2012 will go down as the year of Argyll and the Isles. The Tourism Summit held yesterday at the spectacular Portavadie Marina resort was, for the first time, fuelled by self-belief, by a can-do realisation, energy and universal buy-in to the initiative.

Ambition – at long last – appears to have infiltrated Argyll and the Isles.

2012 will also be the year that Argyll and the Isles has a fully representative branded presence at the VisitScotland Expo; and makes its presence felt at an international exhibition.

As Mike Story (below), Vice Chair of Argyll and the Isles Strategic Tourism Partnership (AISTP which hosted the event), said in his address, this initiative ‘will massively raise the profile of all of your efforts’. AISTP now has a promotional war chest – up to £177k by the end of yesterday – in its cargo hold.

Emphasising that good partners mean good leverage, Mr Story pointed to the fact that already, AISTP, working with major tour companies, has seen them booking between 150,000 and 200,000 room nights.

Mike Story AISTP

It was fitting that a Tourism Summit foregrounding marine tourism, should pick up speed from the pontoons at the marina venue for the event – as two of the Kintyre Express fast passenger ferries delivered – free – delegates and media representative from Campbeltown, Tarbert – and Islay.
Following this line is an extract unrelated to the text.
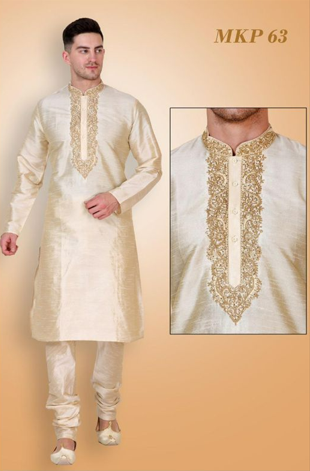 Crème Mens Embroidered Kurta Pyjama Set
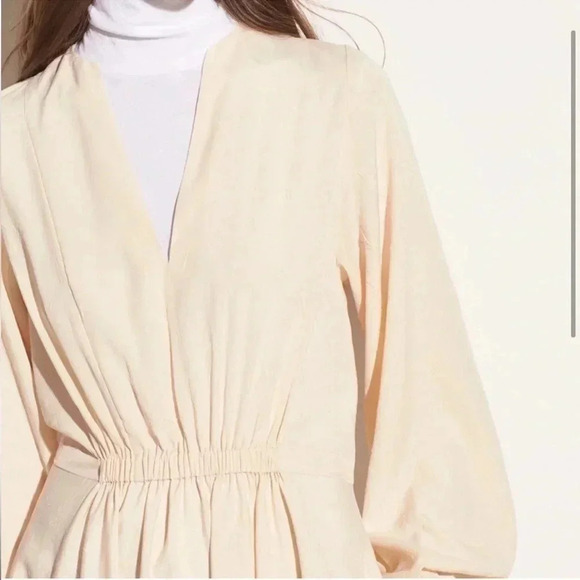 Vince Poet Long Sleeve Dress in Sandalwood Beige Textured Sheer Asymmetrical Hem - Picture 3 of 16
As the boats cruised in to berth, waiting for them were a cluster of those headlining the event, James Stuart, CEO of the Royal Yachting Association (left above) with Malcolm Roughhead, CEO of VisitScotland and, in the background, Iain Jurgensen, General Manager at Portavadie, getting his marching orders from Janet West of Argyll and Bute Council’s communications team.

tourism summit frontliners on Portavadie Marina pontoon

The sector of the industry responsible for moving people, vehicles and freight around the complex waterways and scattered mainland and island communities of Argyll and the Isles, were there in force – CalMac, Western Ferries, Kintyre Express, Clydelink.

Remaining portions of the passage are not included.